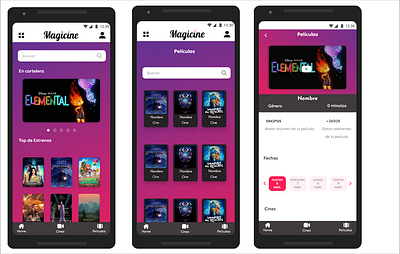 App móvil para comprar tickets de cine mobiledesign uidesign uxdesign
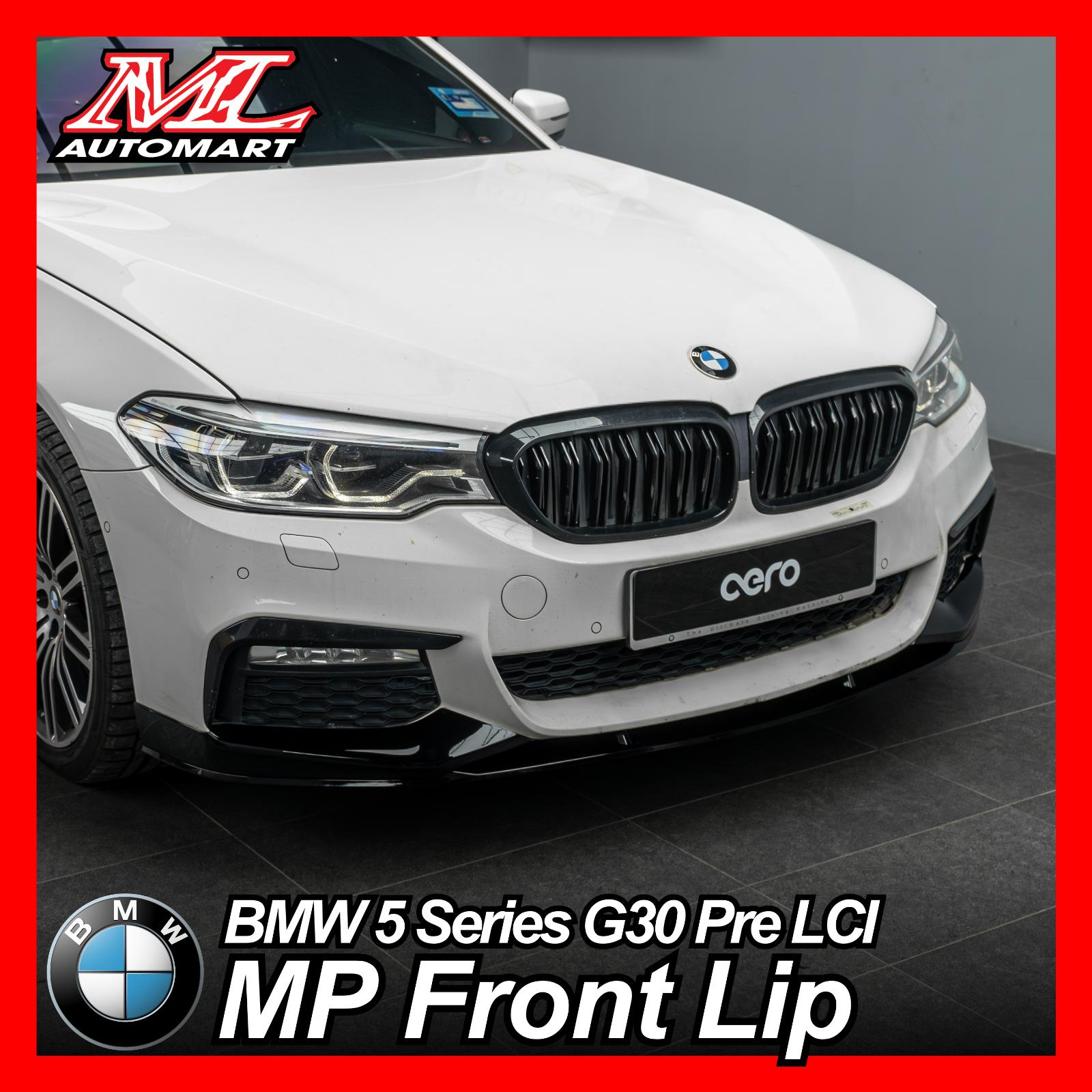 BMW 5 Series G30 Pre LCI : M Performance Front Lip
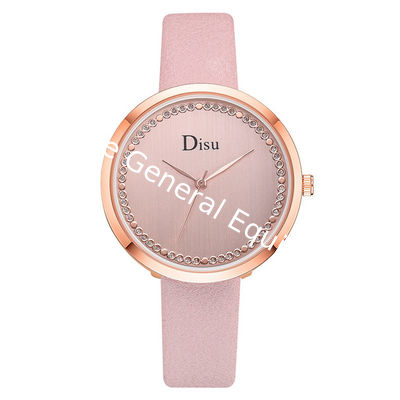 WJ-8392 New Fashion Alloy Case Ladies Leather Watch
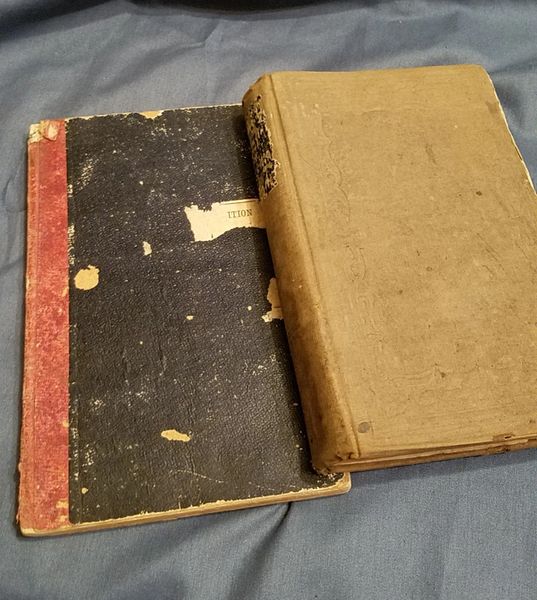 NC IDENTIFIED PAIR OF CONFEDERATE MANUALS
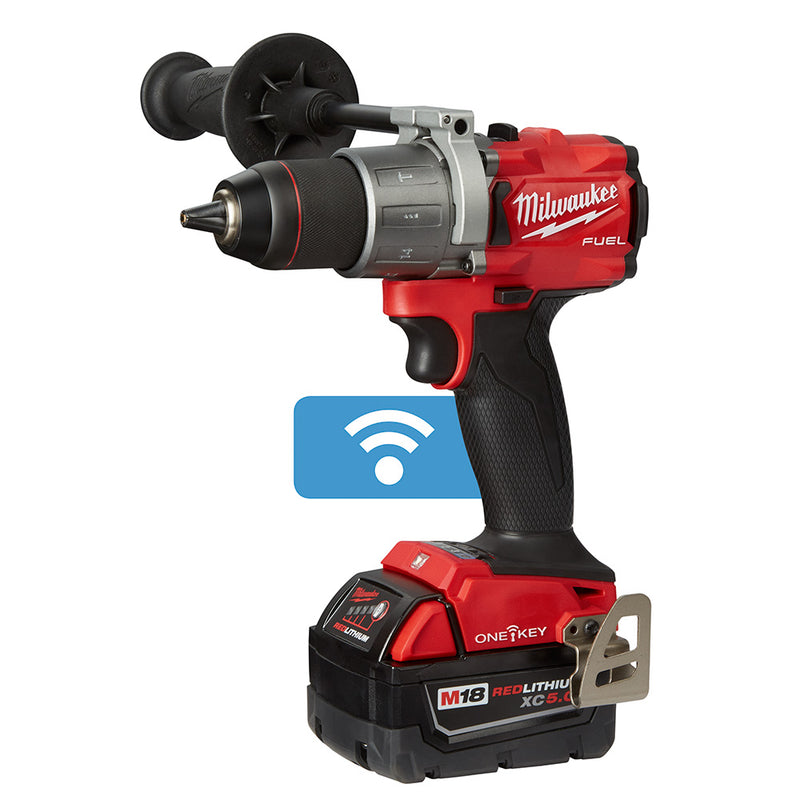Taladro percutor M18 FUEL™ de 1/2" con kit ONE-KEY™ 2802-22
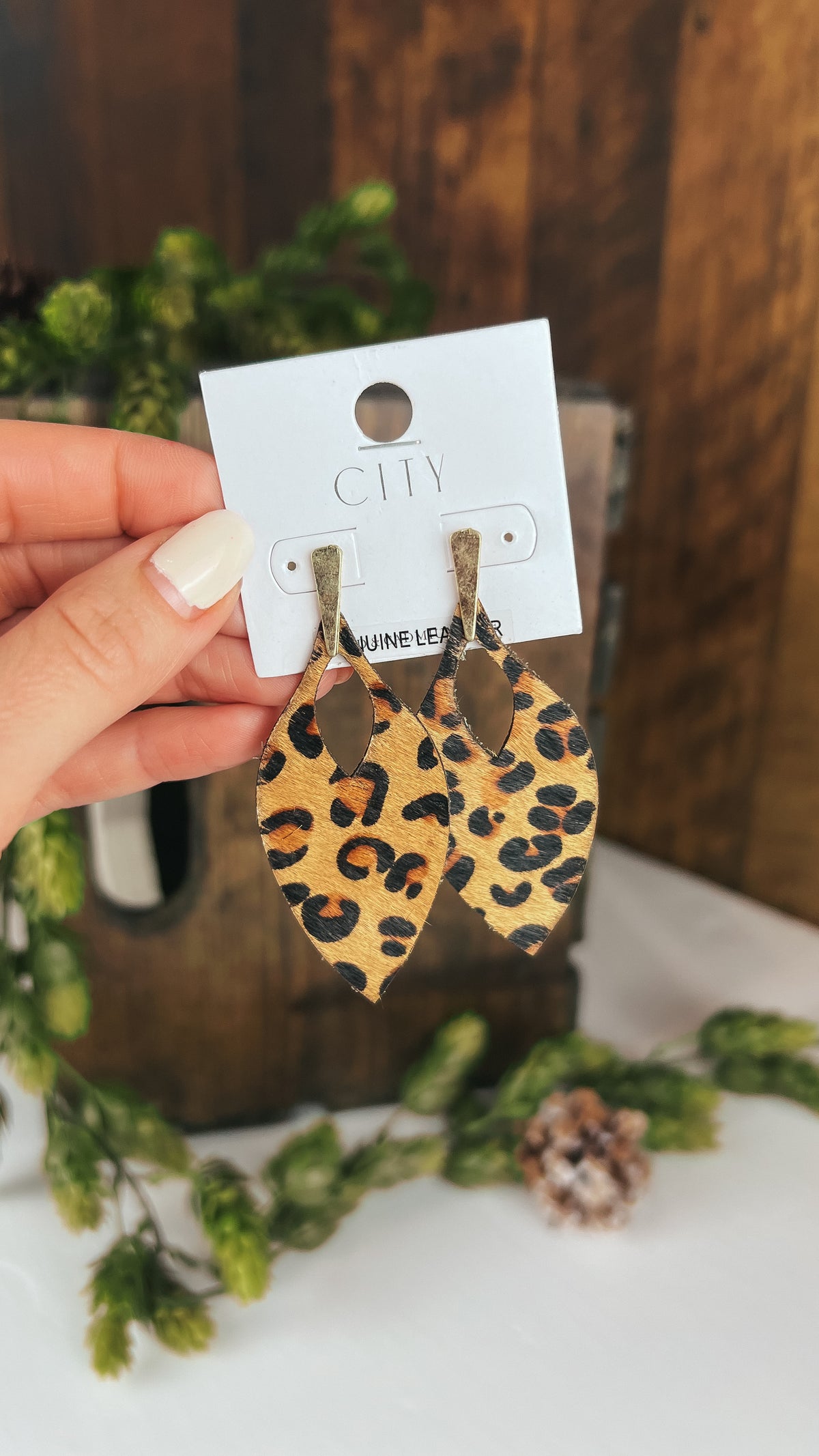 Jenna Animal Print Earrings
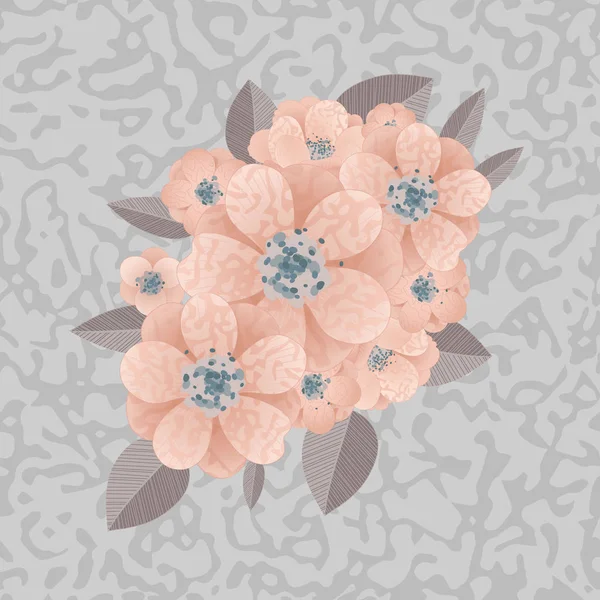 dokulu bir arka plan üzerinde çiçek kompozisyon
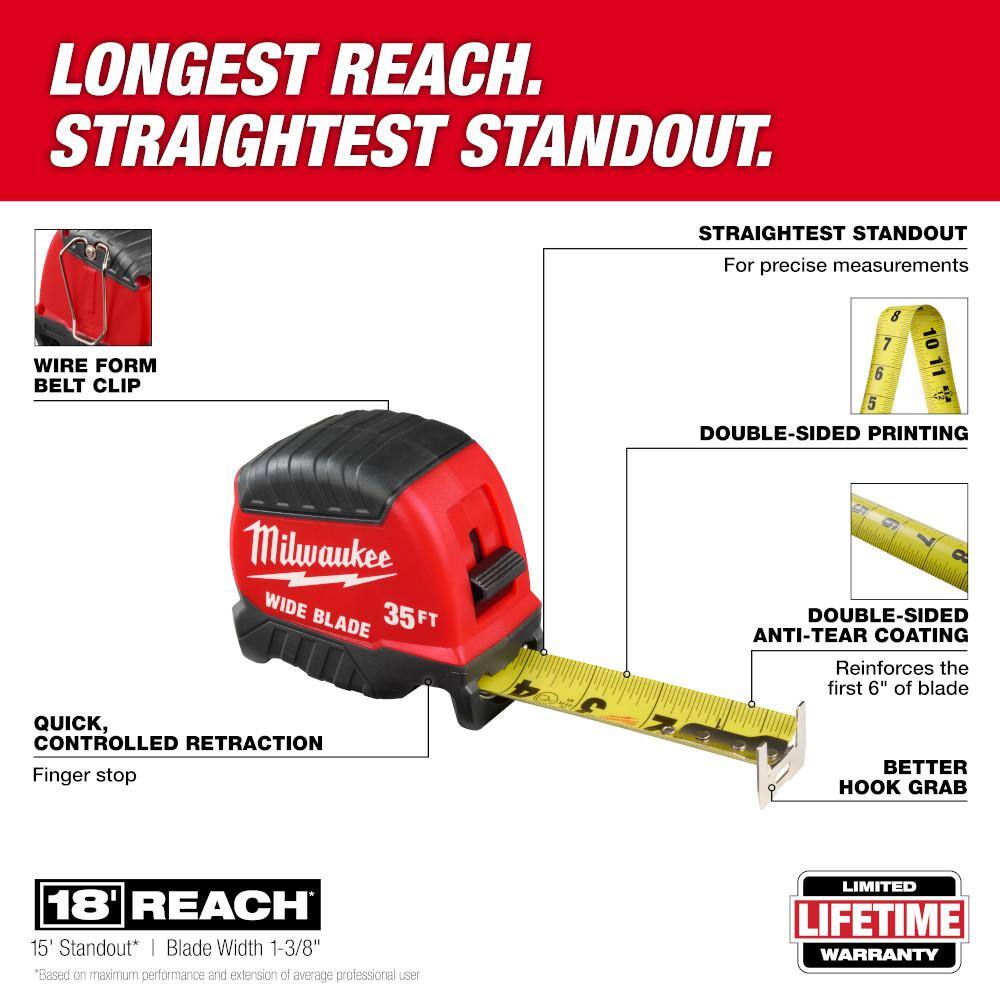 35ft Wide Blade Tape Measure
------------------------------
_Exercise_
Where pictures sit among the data above, omit them, and output the rest exactly.

_Your response_
 App móvil para comprar tickets de cine mobiledesign uidesign uxdesign
 BMW 5 Series G30 Pre LCI : M Performance Front Lip
 WJ-8392 New Fashion Alloy Case Ladies Leather Watch
 NC IDENTIFIED PAIR OF CONFEDERATE MANUALS
Taladro percutor M18 FUEL™ de 1/2" con kit ONE-KEY™ 2802-22
 Jenna Animal Print Earrings
 dokulu bir arka plan üzerinde çiçek kompozisyon
 35ft Wide Blade Tape Measure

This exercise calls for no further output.